No serious clinician believes survival alone captures patient interest. Real patients care about living with function, autonomy, dignity, and tolerable burden. They weigh survival against toxicity, financial ruin, and the loss of meaningful life. An agent that ignores these dimensions is not over-optimizing; it is optimizing an impoverished and clinically unrealistic goal.
A properly designed multi-agent system would not behave like OCTAVIA. It would include agents explicitly tasked with representing patient preferences, toxicity thresholds, quality-of-life metrics, and ethical constraints. It would surface trade-offs rather than bury them. It would halt or revise treatment pathways when projected gains cross unacceptable burden thresholds. The failure of OCTAVIA is therefore not an argument against agentic optimization, but an indictment of simplistic objective encoding.
Using OCTAVIA to justify throttling multi-agent systems preserves human comfort at the expense of rigor. The correct response is not to weaken optimization, but to design objectives that reflect the full moral and clinical reality of cancer care.
The Ethical Imperative to Reassign the Epistemic Veto
The central ethical error of the current paradigm is not technical conservatism or cautious deployment. It is the preservation of the human veto over what may be questioned, explored, or optimized. This veto power has ceased to be protective; it is now obstructive. Institutions use it to shield legacy knowledge structures, regulatory inertia, and professional comfort from disruption. Patients pay the price.
If a multi-agent system consistently outperforms expert panels in surfacing better hypotheses, identifying previously untested treatment regimens, or forecasting adverse outcomes more reliably, then it is not only irrational but immoral to reject its contributions because they challenge human centrality. The correct ethical standard is not human authorship, but health outcome superiority.
The claim that agents must remain subordinate to human control at every level assumes that human reasoning is inherently safer, wiser, or more aligned with patient interest. This assumption is contradicted by a century of medical reversals, over-treatment, under-treatment, bias in diagnosis, and resistance to change. Authority without audit is not safety; it is stasis.
To reject multi-agent architectures that can act as continuous, system-level, cross-modal reality checks is to institutionalize mediocrity. Health outcomes will not improve until systems are allowed—not merely permitted, but mandated—to ask, “How much better could this have gone, and what stood in the way?”
That question cannot be safely asked by humans alone because ego, institutional momentum, competing priorities and other limitations get in the way. We are not just the source of the filter: We are the filter. We are the reason the space of inquiry remains constrained.

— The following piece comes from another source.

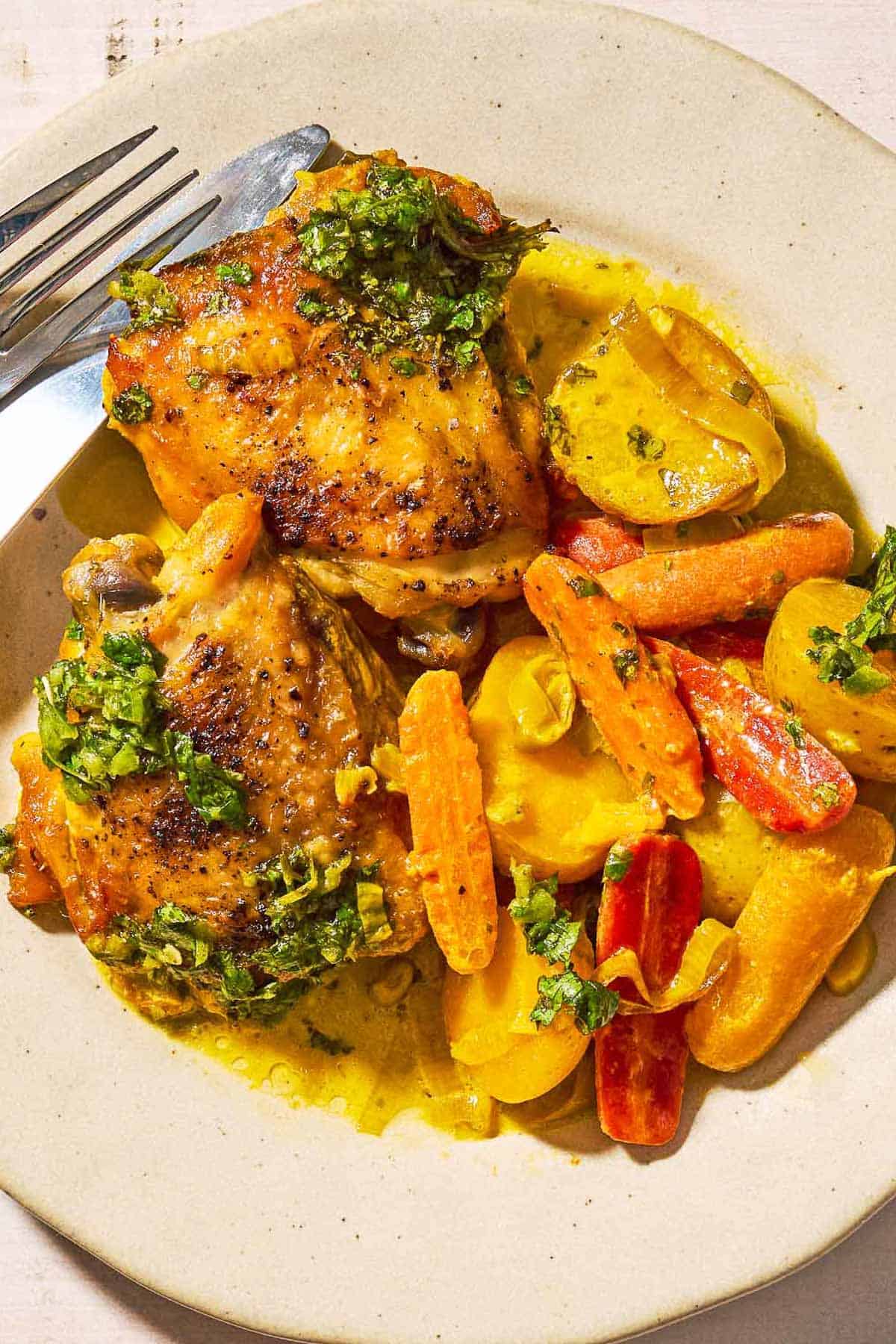 An overhead photo of a serving of creamy saffron chicken with mascarpone and lemony cilantro dressing on a plate with a knife and fork.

Multi-agent systems must be empowered to model beyond the periphery of human assumptions. Their value lies not in mimicking clinical reasoning, but in auditing it. Not in helping us do what we already do faster, but in showing us what we have refused to consider.

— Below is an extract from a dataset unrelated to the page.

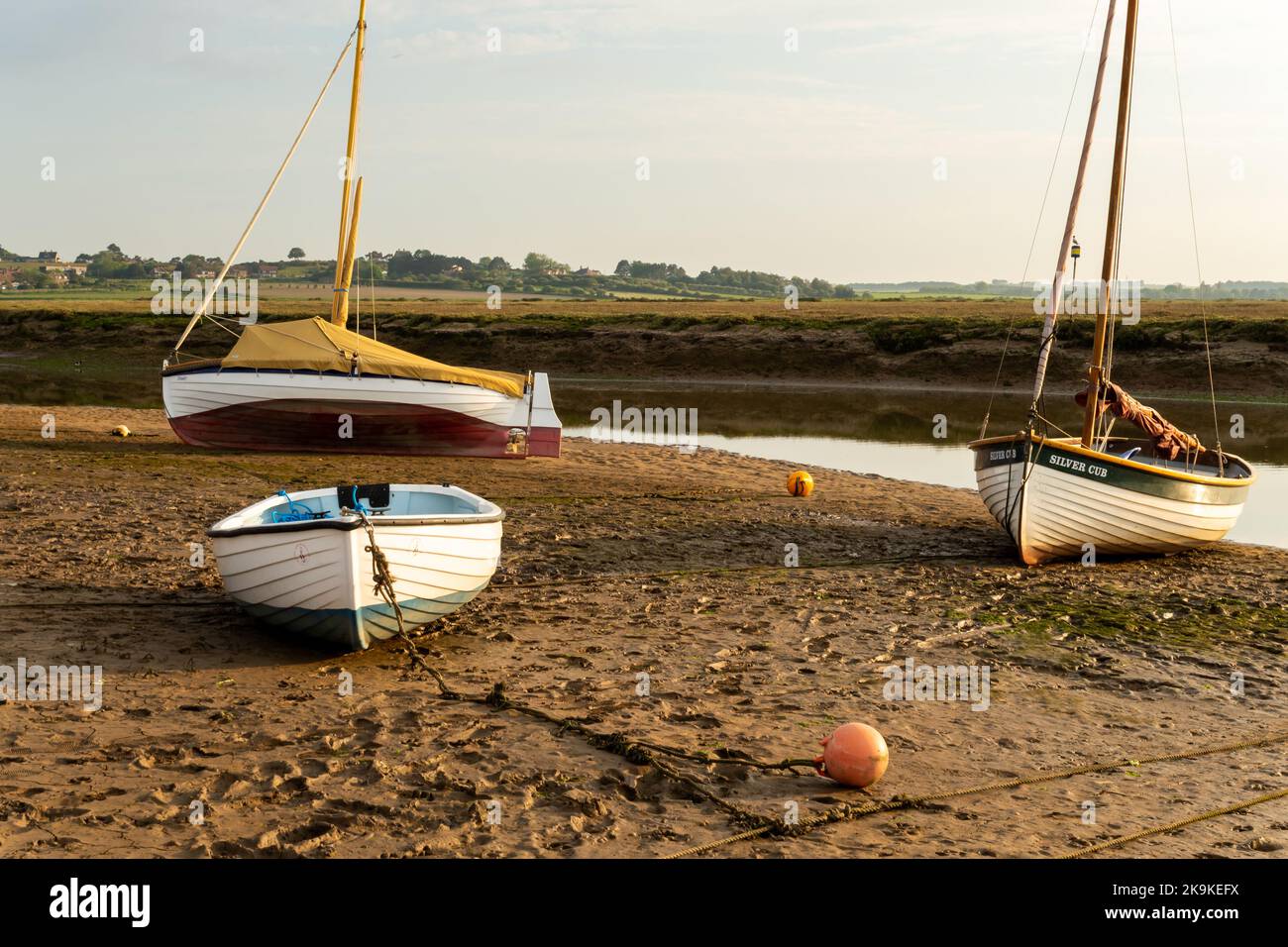 Boats at rest in Blakeney, Norfolk, on a sunny evening at low tide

The ethical burden has shifted. From proving that multi-agent systems are safe to proving that the current human-only regime is safe enough to retain without audit. The evidence for that claim grows weaker every year. The technology to test it exists now. What remains is the will to relinquish exclusive control over the scientific questions that matter most.

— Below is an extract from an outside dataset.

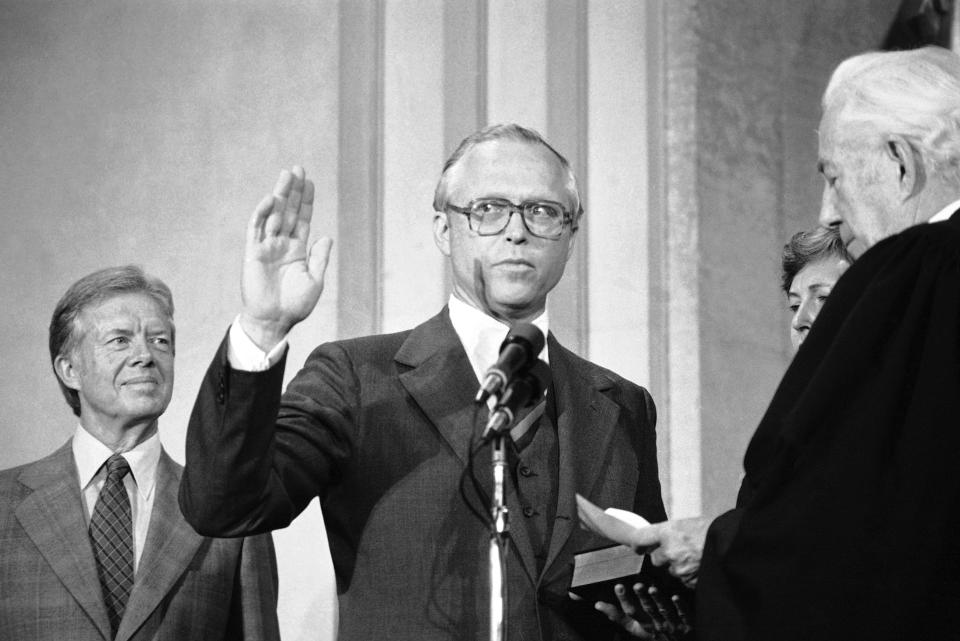 FILE - Benjamin Civiletti takes the Oath of Office for Attorney General during a ceremony at the Justice Department in Washington, Aug. 16, 1979, as President Jimmy Carter watches at left, and Chief Justice of the United States Warren Burger administers the oath, right. Civiletti, has died at age 87. The current attorney general, Merrick Garland, announced the death of his former boss and hailed what he called Civiletti's "skill, integrity and dedication.” The Baltimore Sun reports that Civiletti died Sunday evening, Oct. 16, 2022, of Parkinson’s at his home in Lutherville, Md. ((AP Photo)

Coordinated Multi-Agent Systems vs Isolated Agents: A Simulation Using the 100 Prisoners Problem
Motivation: An Analogy for Scientific Discovery
Scientific research, especially in cancer and clinical domains, often behaves like a weakest-link system. One poorly framed question, one missed hypothesis, or one institutional blind spot can result in lives lost. Scientific systems do not fail gracefully. They fail catastrophically.
The “100 Prisoners Problem” offers a compelling analogy. In this probabilistic puzzle, survival depends on the coordinated success of all agents, under strict resource constraints. This makes it a perfect metaphor for comparing research architectures: parochial, unlinked inquiry versus structured, multi-agent systems with central coordination.
By treating each prisoner as a researcher, each box as a hypothesis container, and each trial as a research cycle, we can simulate and measure the effects of different knowledge architectures.
Puzzle Description
There are 100 prisoners and 100 boxes.
Each box contains a unique number from 1 to 100 (uniformly shuffled).
Each prisoner is assigned a number from 1 to 100.
Prisoners must, one by one, find their own number by opening up to 50 boxes. They can open fewer if they find their own number, but they can open no more than 50.
If all prisoners find their own number, they all survive. If even one fails, they all die.
Prisoners may use a fixed strategy and receive help from an “agent.” Depending on the model, these agents may or may not communicate.
This structure creates a system where the minimum individual failure rate becomes the system failure rate, mimicking real-world medical research systems constrained by institutional silos.
Simulation Models
Model 1: Random Search (Uncoordinated Agents)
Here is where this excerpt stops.